**PROVIDED MATERIAL:**
»»
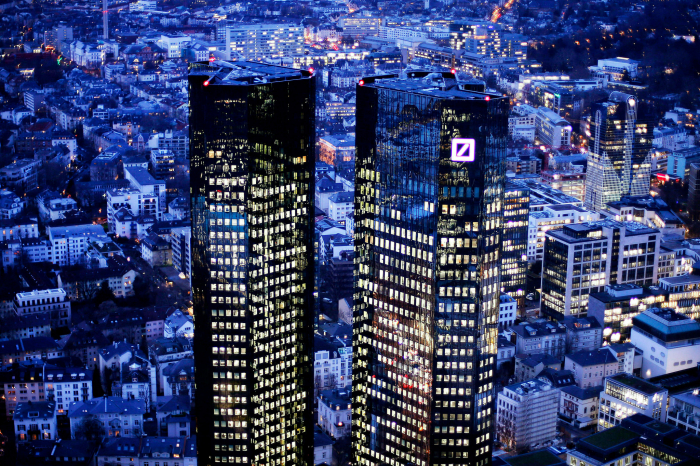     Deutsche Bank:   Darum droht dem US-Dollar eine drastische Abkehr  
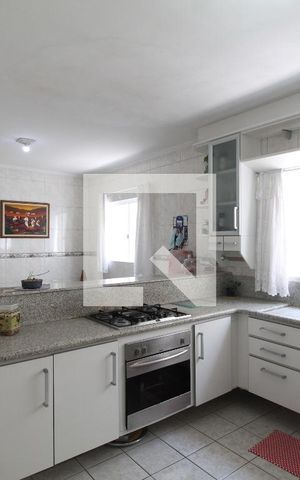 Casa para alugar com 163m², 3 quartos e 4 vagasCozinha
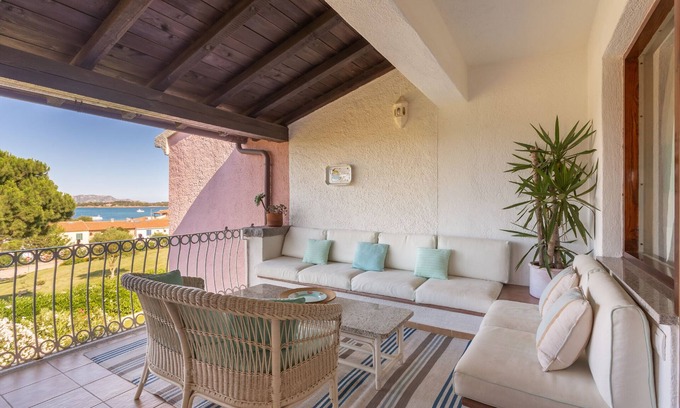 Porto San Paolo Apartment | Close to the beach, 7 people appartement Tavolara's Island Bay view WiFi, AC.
««
»»
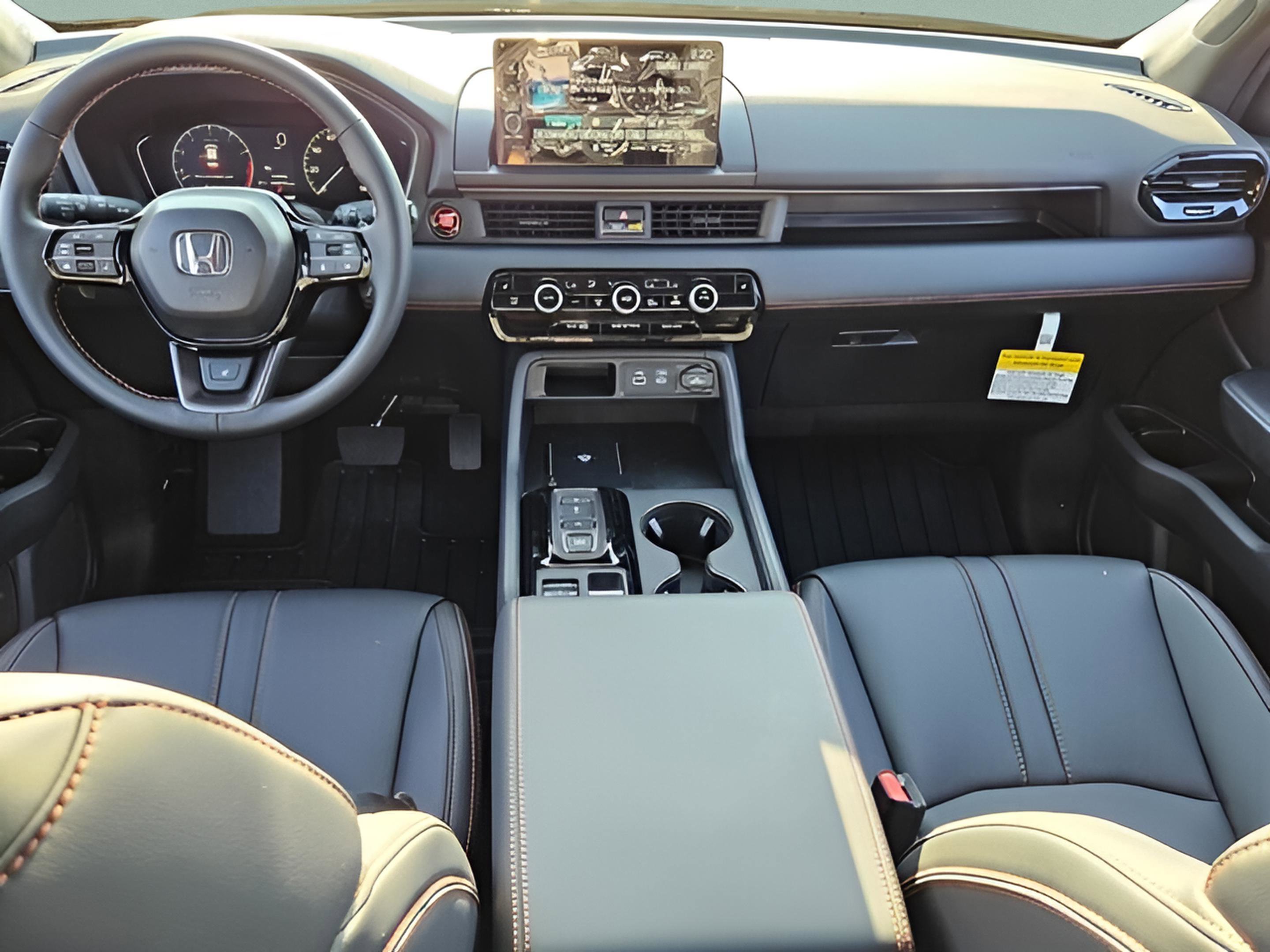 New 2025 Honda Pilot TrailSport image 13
««
**EXERCISE AIM:**
Pictures excluded, transcribe the listing above exactly from the line with "Casa para alugar" through the line with "Porto San Paolo", and no further.

**RESPONSE TO THE EXERCISE:**
 Casa para alugar com 163m², 3 quartos e 4 vagasCozinha
 Porto San Paolo Apartment | Close to the beach, 7 people appartement Tavolara's Island Bay view WiFi, AC.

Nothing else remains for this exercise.